[RAW DATA Boundary: Start]

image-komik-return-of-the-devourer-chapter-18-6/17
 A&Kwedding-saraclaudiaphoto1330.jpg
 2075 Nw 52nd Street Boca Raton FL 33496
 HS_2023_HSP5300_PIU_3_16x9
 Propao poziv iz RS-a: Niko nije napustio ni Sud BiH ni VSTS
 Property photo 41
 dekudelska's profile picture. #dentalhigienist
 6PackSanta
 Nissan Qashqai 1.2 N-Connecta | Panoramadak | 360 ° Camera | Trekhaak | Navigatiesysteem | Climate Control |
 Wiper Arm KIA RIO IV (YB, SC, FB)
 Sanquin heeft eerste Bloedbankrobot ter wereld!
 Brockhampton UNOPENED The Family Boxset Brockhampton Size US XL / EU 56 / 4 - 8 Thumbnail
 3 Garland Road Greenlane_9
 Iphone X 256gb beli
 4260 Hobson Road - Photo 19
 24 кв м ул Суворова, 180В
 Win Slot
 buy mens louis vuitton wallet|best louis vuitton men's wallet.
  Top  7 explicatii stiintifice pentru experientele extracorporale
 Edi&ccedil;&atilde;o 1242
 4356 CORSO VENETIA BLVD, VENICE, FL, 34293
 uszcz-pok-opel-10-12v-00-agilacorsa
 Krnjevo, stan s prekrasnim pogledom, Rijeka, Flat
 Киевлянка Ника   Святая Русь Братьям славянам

[RAW DATA Boundary: End]

◆ **EXERCISE REQUIREMENTS**:
In the material above, each line with the word "Road" should be copied.

◆ **WRITTEN SOLUTION**:
 3 Garland Road Greenlane_9
 4260 Hobson Road - Photo 19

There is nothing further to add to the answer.